● **Assignment**
Copy, please, the line with "Fabian Fluri –" and each line that follows it through the end of the data below, exactly as given and without pictures.

** Given records follows **

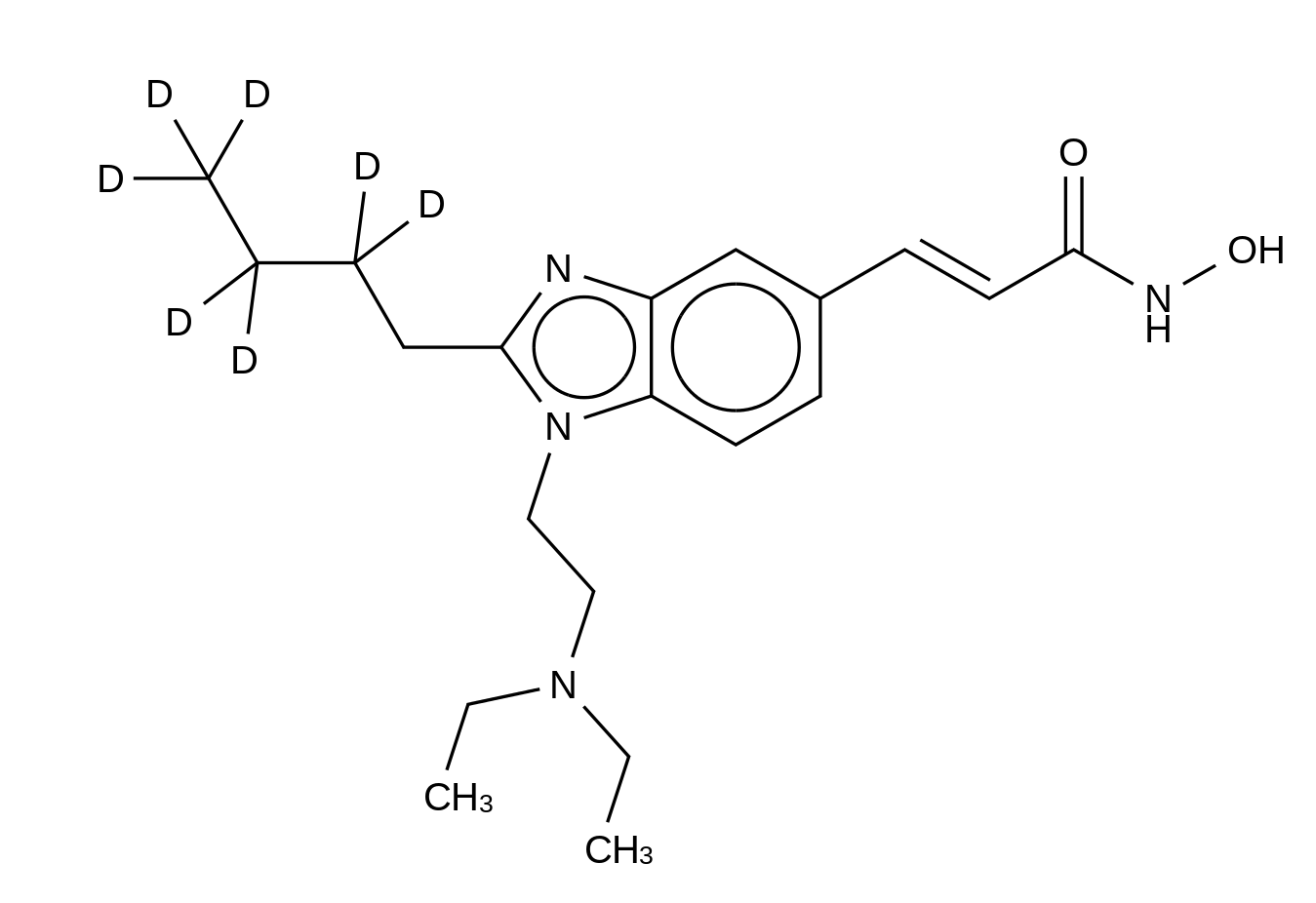 Pracinostat-d7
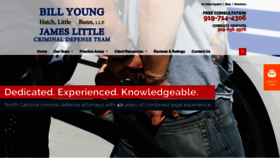 What Younglittlelaw.com website looked like in 2019 (4 years ago)
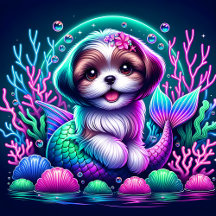 Fur Babies Delight: Whimsical Shower Curtains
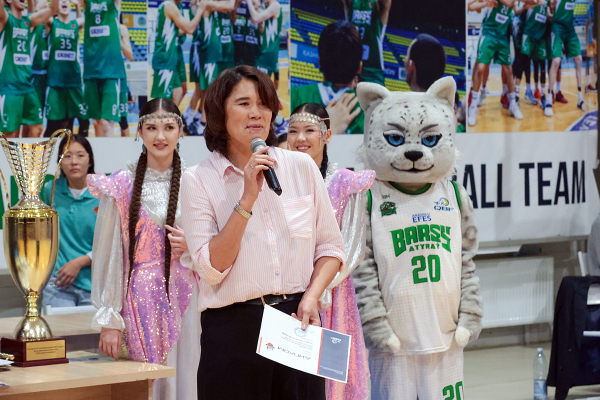 Awarding ceremony of Cup of Kazakhstan 2025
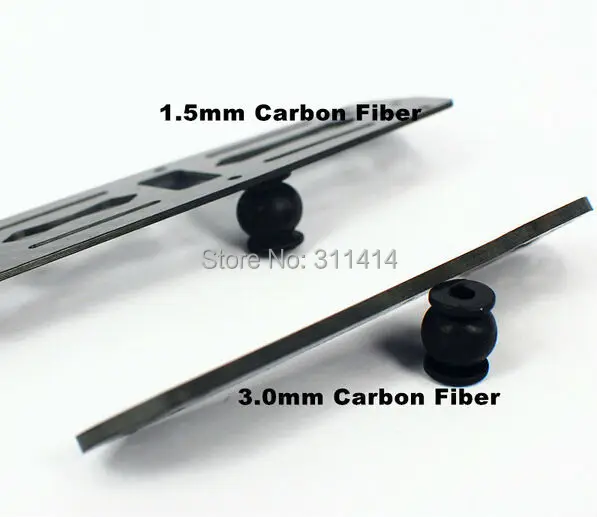 1 компл. Светонепроницаемая рамка квадрокоптера из углеродного волокна QAV250 Mini 250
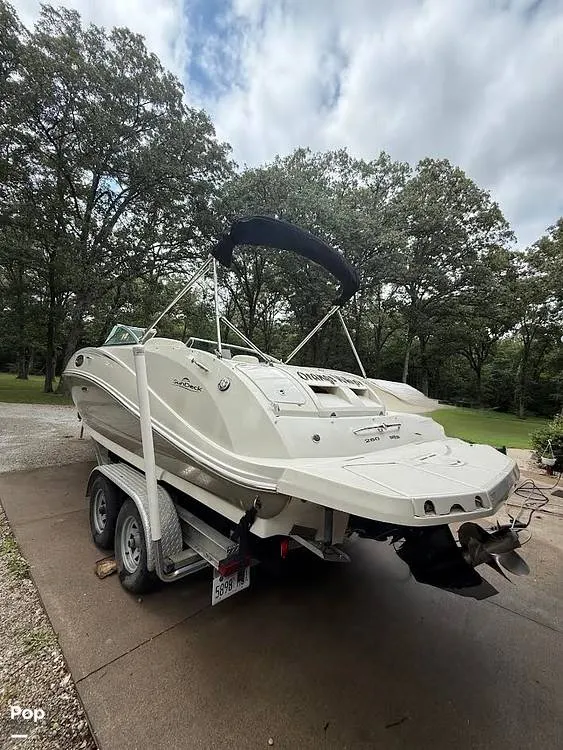 Slide: The Image of Sea Ray 260 sundeck 2008 - 16582855
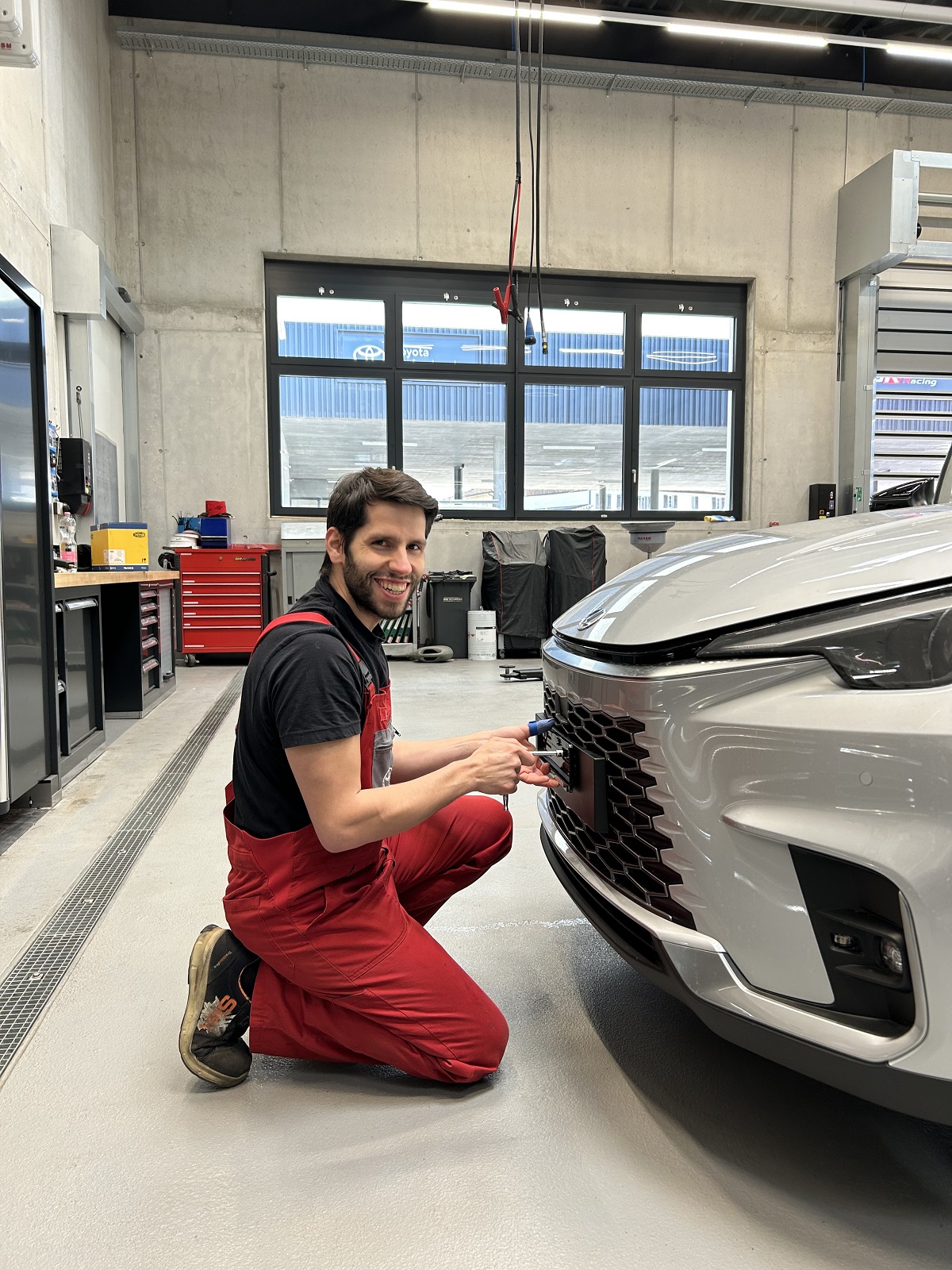 Fabian Fluri – Automechaniker, Garage Jörg AG in Weesen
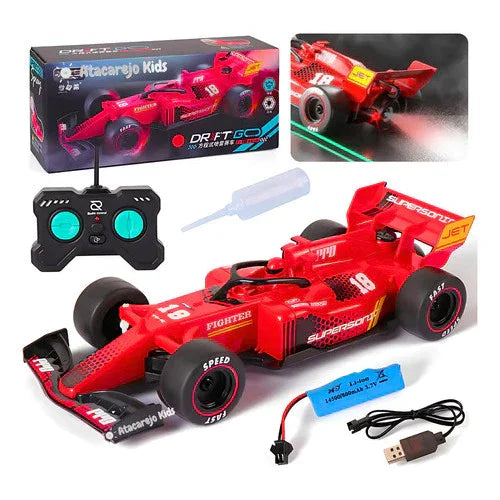 TurboNeblina GP - Carrinho Formula 1 Controle Remoto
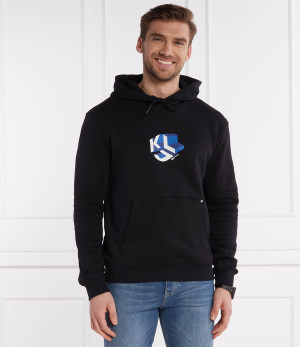 Karl Lagerfeld Jeans Bluza monogram | Regular Fit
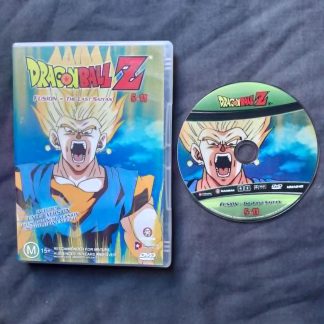Dragonball Z Fusion - The Last Saiyan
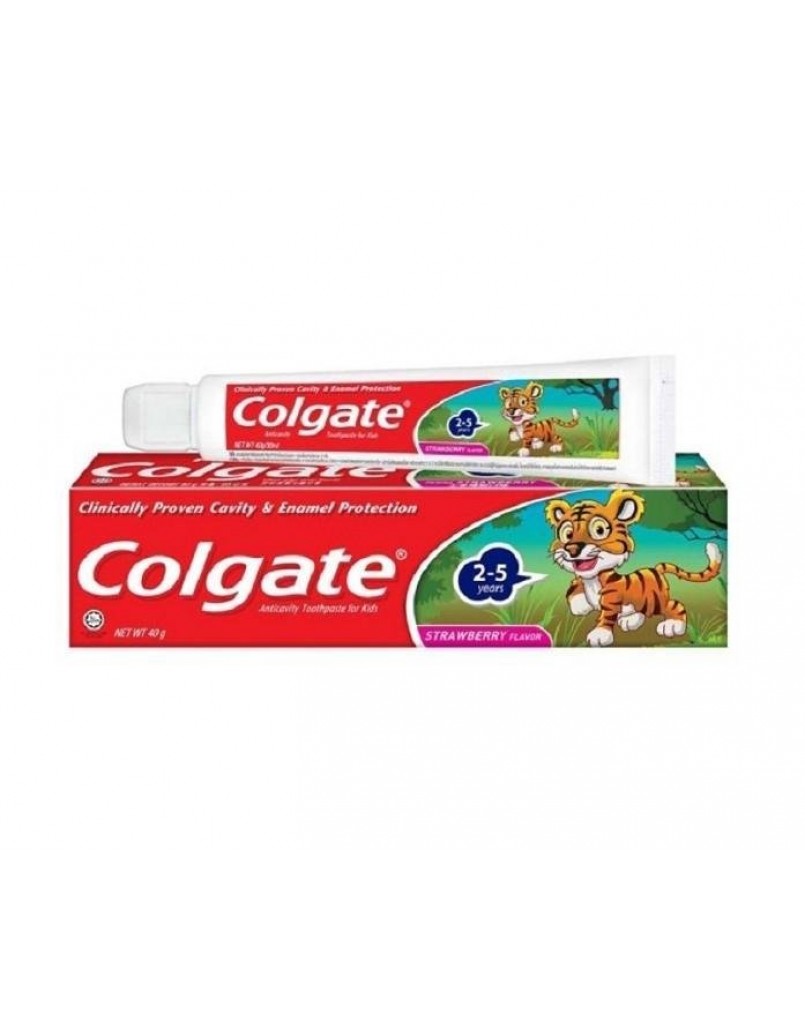 COLGATE FOR KIDS TIGER 40G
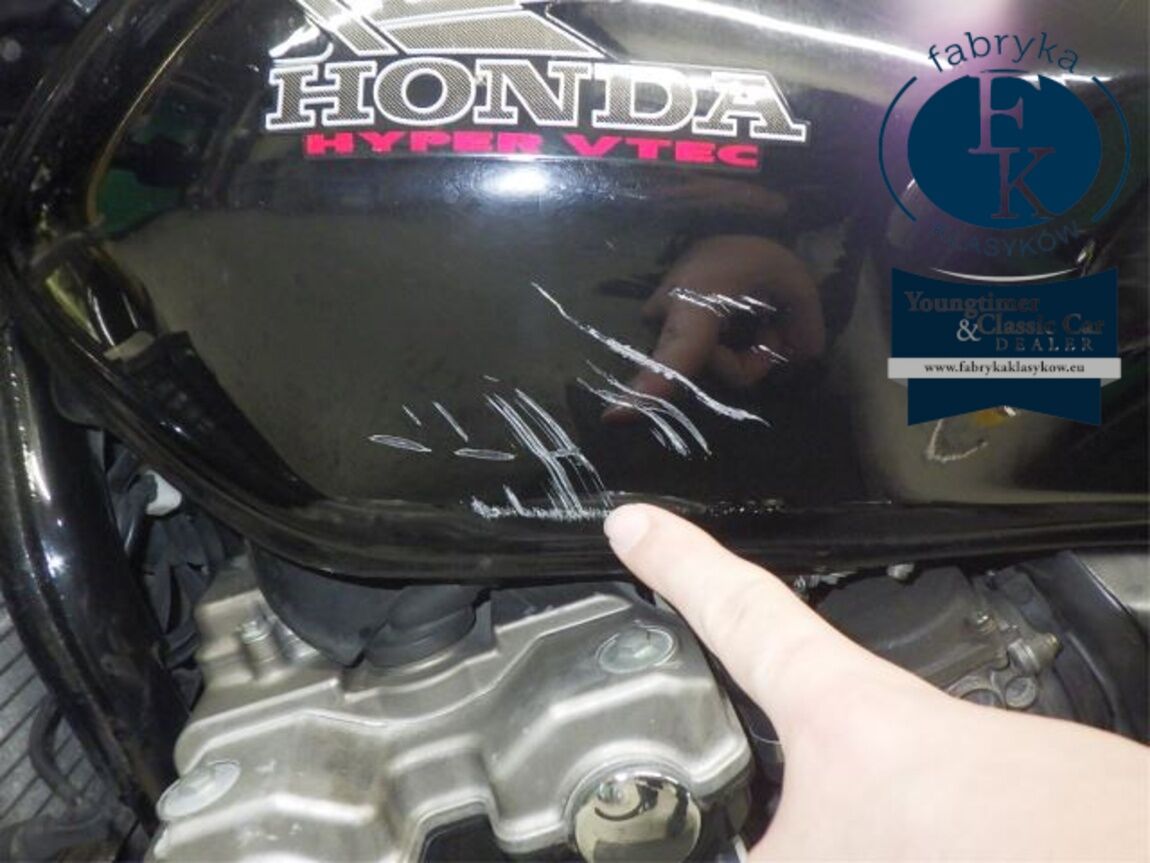 HONDA CB400SFV-1 2001 - zdjęcie 17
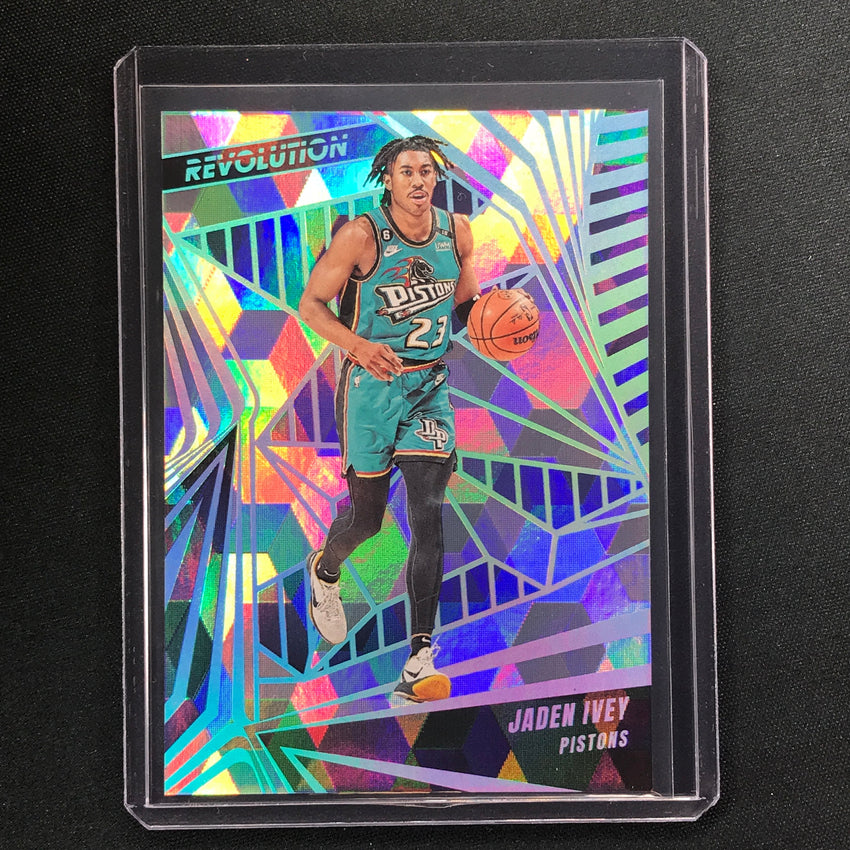 2023-24 Revolution Jaden Ivey Base Cubic 27/50 #47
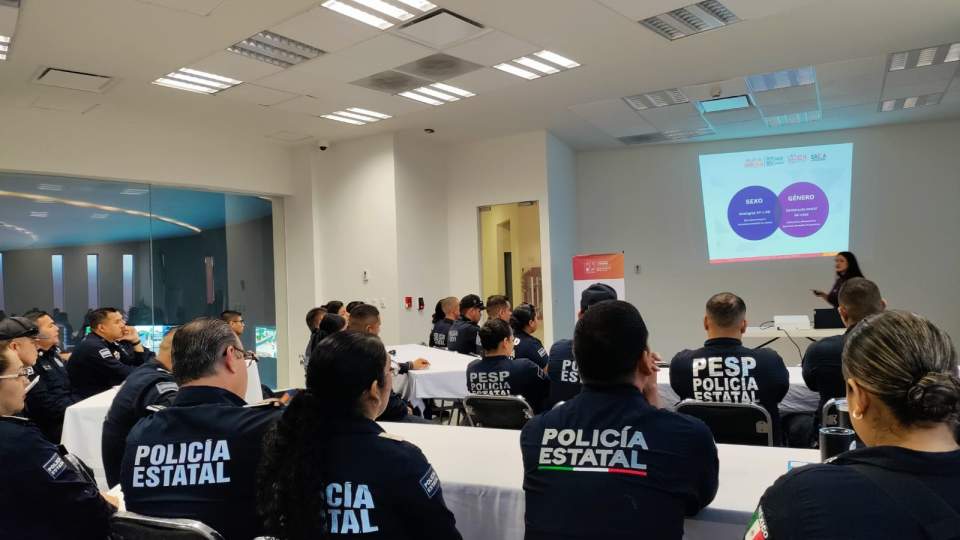 Refuerza Gobierno de Sonora capacitación para Policía Estatal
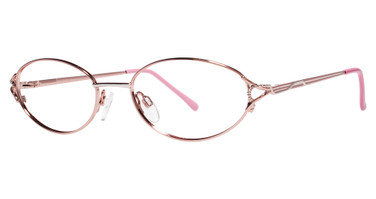 Modern Metals Eyeglasses Iris rose/silver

** End of Given records **

● **Exercise result**
 Fabian Fluri – Automechaniker, Garage Jörg AG in Weesen
 TurboNeblina GP - Carrinho Formula 1 Controle Remoto
 Karl Lagerfeld Jeans Bluza monogram | Regular Fit
Dragonball Z Fusion - The Last Saiyan
 COLGATE FOR KIDS TIGER 40G
 HONDA CB400SFV-1 2001 - zdjęcie 17
 2023-24 Revolution Jaden Ivey Base Cubic 27/50 #47
 Refuerza Gobierno de Sonora capacitación para Policía Estatal
 Modern Metals Eyeglasses Iris rose/silver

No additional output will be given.